In Teaching Art 4-7 and Teaching Art 7-11 the chapters are not intended to form a prescriptive system or scheme of work, rather they can be used to prompt ideas for units of work appropriate to individual schools. No attempt is made in the books to suggest a particular scheme of work that is to be progressively introduced. Although teachers might face pressure to plan an art programme rather like a maths scheme works, because the nature of art and design is so broad and because the individual art experience of individual children and schools is so diverse, it is inappropriate to write a scheme or programme that might work for each and every case. So the idea behind the books is to show as clearly as possible a set of examples of how art and design might be taught. It must be the responsibility of each teacher and school to work out art projects that are sensitive to the particular context of child, class, school and curriculum so that the projects will be appropriate to the needs of the children that they teach. However, most teachers who work with 4 to 11 year olds are not art specialists, so any book that purports to support the teaching of art in primary schools must recognise this fact.

Teaching Art 4-7 advocates the value of teaching a foundation of basic skills and concepts.
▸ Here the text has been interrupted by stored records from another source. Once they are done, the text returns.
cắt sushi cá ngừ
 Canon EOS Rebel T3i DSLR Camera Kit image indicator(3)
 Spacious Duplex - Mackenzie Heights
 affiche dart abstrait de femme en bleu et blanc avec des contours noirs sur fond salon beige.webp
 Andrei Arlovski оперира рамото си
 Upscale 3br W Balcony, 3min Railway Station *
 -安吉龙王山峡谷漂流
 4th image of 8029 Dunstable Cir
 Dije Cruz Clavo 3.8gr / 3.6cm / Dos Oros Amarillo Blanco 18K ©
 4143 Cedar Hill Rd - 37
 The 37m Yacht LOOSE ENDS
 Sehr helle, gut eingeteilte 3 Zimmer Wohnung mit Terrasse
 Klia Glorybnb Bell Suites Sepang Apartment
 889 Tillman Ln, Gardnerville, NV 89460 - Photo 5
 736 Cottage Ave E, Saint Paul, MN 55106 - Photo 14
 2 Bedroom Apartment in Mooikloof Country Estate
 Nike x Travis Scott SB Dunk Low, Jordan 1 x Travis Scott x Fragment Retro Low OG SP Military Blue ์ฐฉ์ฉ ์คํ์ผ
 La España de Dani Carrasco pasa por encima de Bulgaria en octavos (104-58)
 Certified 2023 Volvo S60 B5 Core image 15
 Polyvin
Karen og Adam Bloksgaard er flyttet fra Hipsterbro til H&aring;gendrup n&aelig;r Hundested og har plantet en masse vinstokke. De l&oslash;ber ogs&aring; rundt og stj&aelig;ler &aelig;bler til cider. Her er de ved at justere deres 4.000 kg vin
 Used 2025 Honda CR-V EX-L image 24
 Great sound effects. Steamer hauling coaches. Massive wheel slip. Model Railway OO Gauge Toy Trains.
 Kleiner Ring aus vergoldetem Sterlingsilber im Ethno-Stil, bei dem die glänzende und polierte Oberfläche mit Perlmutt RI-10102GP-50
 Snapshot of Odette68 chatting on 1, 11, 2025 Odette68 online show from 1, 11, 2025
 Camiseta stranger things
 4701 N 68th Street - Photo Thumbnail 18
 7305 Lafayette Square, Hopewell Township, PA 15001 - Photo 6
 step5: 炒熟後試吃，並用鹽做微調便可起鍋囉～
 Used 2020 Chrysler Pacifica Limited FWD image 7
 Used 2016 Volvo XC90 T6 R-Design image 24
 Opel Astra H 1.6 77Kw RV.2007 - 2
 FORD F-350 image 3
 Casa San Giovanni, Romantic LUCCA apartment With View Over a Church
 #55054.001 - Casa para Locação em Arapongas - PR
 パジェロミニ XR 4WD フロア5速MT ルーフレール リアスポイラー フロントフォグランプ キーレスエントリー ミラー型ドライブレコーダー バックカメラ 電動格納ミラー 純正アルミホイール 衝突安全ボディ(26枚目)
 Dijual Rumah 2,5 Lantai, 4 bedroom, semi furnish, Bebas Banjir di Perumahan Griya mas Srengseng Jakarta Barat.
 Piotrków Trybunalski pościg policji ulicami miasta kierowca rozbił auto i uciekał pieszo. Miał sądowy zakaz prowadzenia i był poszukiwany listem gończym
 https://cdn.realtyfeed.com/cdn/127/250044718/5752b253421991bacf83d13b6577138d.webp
An implication for older children is that if they have already been introduced to both the visual language of art and to a set of core skills and principles from the age of 4, they will be able to quickly progress towards more sophisticated art work. The importance of providing a foundation of work for 4 to 7 year olds cannot be over emphasised. However, not all 7 to 11 year olds will have this foundation of skills and concepts in place. For this reason many of the activities appropriate for 4 to 7 year olds are equally suitable for older children. In practice all the activities from the book Teaching Art 4-7 could be used with older children, with the proviso that the language used in the classroom may change and older children will grasp concepts more quickly and work rapidly through some of the less demanding activities. One way of thinking about this is to use the activities described in Teaching Art 4-7 as starting points for the more advanced projects that will challenge older children. In fact the activities in Teaching Art 4-7 can become warm up exercises and a way of revising basic concepts and skills for many of the projects in this book. Teachers who are already familiar with Teaching Art 4-7 will recognise the content of these warm up exercises and starting points within the projects described in this publication. Because there is a natural overlap between the two books there is inevitably some repetition. This is essential in order to place this more advanced work in the context of what preceded with younger children.

So the relationship between the two volumes is a balance between the educational need for continuity (including more advanced and progressive projects for 7 to 11 year olds) and the recognition that these children may still be working at a level more appropriate to younger children, particularly if they have not been introduced to this way of thinking about art before. Finally, all the projects have been tried and tested in the classroom. The author has both taught and photographed the work as it progresses. These photographs carry a great deal of information.